PirB signals through three downstream effectors that can crosstalk (Fig. 2; PirB pathway). The first involves the activation of plenty of src homology domain 3 (POSH), via PirB, by an unknown mechanism [102]. POSH subsequently activates Shroom3, which either converges with the ROCK pathway (Fig. 2; NgR1 pathway), or activates leucine zipper kinase (LZK), initiating a secondary downstream kinase cascade, resulting in restriction of axon outgrowth (Fig. 2; PirB pathway) [103]. Phosphorylation of PirB also recruits SHP1/2, which activates the third effector, a tyrosine kinase (Trk)/mitogen-activated protein kinase (MAPK) pathway, by dephosphorylating TrkB [104]. The result is a signaling cascade ending in neurite outgrowth inhibition via actin disassembly (Fig. 2; Trk pathway) [103]. The NgR1 and PirB signaling pathways exhibit several common signaling and downstream components. This means that there is high potential for cross talk and even compensation if one pathway is impeded in some way. The importance of these two actin cytoskeletal-related signaling pathways cannot be understated as they ultimately lead to neurite outgrowth inhibition and destabilization of synapses affecting both normal and pathological CNS function.

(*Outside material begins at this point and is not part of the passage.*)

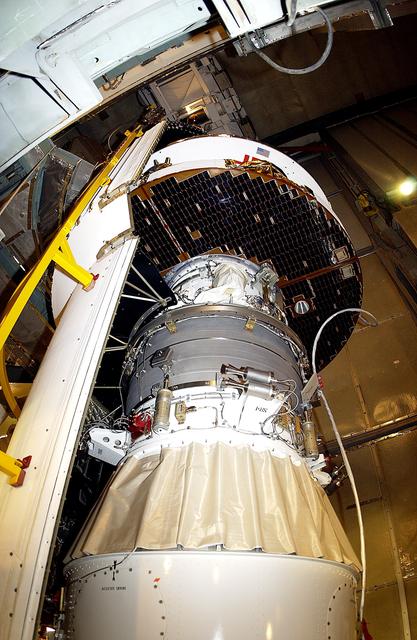 NASA image: KENNEDY SPACE CENTER, FLA. - At Launch Complex 17-B, Cape Canaveral Air Force Station, the spacecraft fairing is being installed around the Mars Exploration Rover-1 (MER-B). The second of twin rovers being sent to Mars, it is equipped with a robotic arm, a drilling tool, three spectrometers, and four pairs of cameras that allow it to have a human-like, 3D view of the terrain. Each rover could travel as far as 100 meters in one day to act as Mars scientists' eyes and hands, exploring an environment where humans are not yet able to go. MER-B is scheduled to launch no earlier than June 28 at one of two available times, 11:56:16 p.m. EDT or 12:37:59 a.m. EDT.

The sphingosine-1 phosphate receptor 2 (S1PR2) pathway, through which NiG∆20 signals, is also not well understood, but ultimately leads to the destabilization of synapses (Fig. 2; S1PR2 pathway) [22].

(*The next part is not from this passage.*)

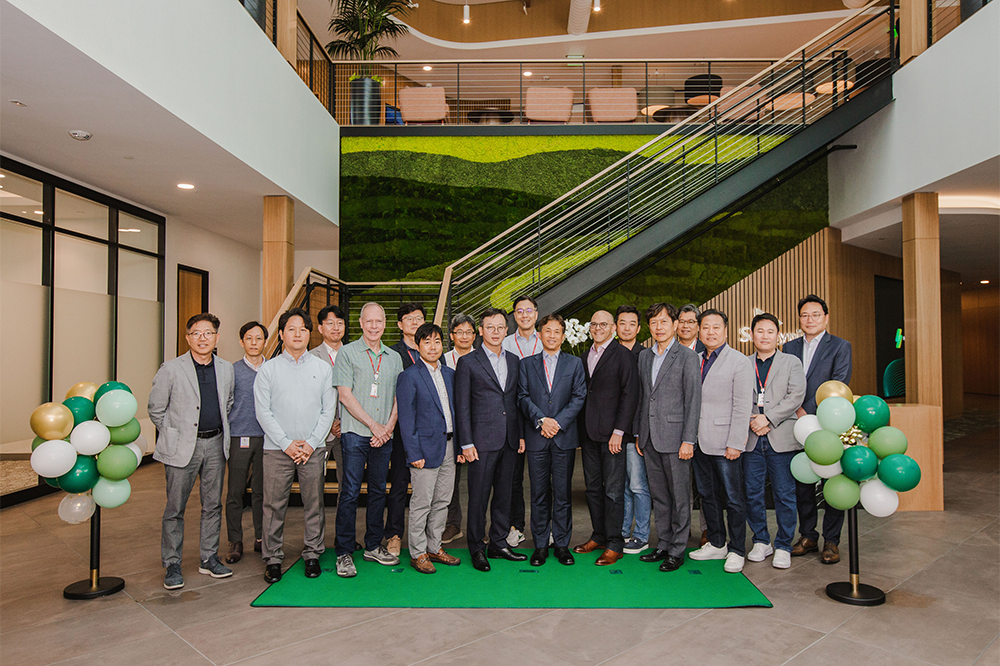 Employees gather at the opening ceremony to see the new-look office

MAI Links to Neurodegenerative Diseases
In addition to their roles in CNS development and plasticity, the MAIs have also been associated with neurodegenerative diseases. It has been demonstrated that NogoA is able to bind and inhibit the two anti-apoptotic proteins Bcl-XL and Bcl-2 [105], implicating a pro-apoptotic role. This may contribute to neurodegenerative pathology as a consequence of dysregulation of the microenvironment. NogoA has also been linked to neurodegenerative diseases, such as multiple sclerosis (MS) [106] and amyotrophic lateral sclerosis [107], its presence affecting their progression and severity.
Studies have also linked MAG signaling to neuroinflammation and demyelinating neuropathies, such as MS, where patients develop significant levels of MAG autoantibodies [108]. Several of these studies have shown that MAG signaling may mediate axon stability and integrity, and afford a level of neuroprotection to axons under pathological conditions [109].

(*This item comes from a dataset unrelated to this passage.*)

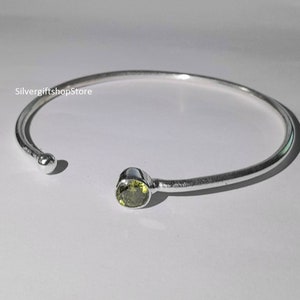 Puede incluir: Un brazalete de plata con una sola piedra preciosa verde engastada en el centro. El brazalete está abierto y tiene un extremo redondeado.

More recently, NogoA and NgR1 have been implicated in the amyloid precursor protein (APP) pathway. Under the relevant conditions, APP cleavage leads to the formation of amyloid beta (Aβ) fragments, which precede the degenerative pathology characteristic of Alzheimer’s disease (AD). Moreover, APP processing can occur in lipid rafts [110], where the MAI ligands and receptors typically signal with one another. NogoA is able to bind to the β-secretase (BACE1) and NgR1 is able to bind to APP [111], in combination likely acting as competitive inhibitors to APP processing. Studies have shown that overexpressing NogoA/NgR1 decreases Aβ deposition and that deleting NgR1 results in elevated levels of Aβ [112, 113]. It appears that NogoA may sequester BACE1 processing of APP and that NgR1 may block APP processing by β- and α-secretases.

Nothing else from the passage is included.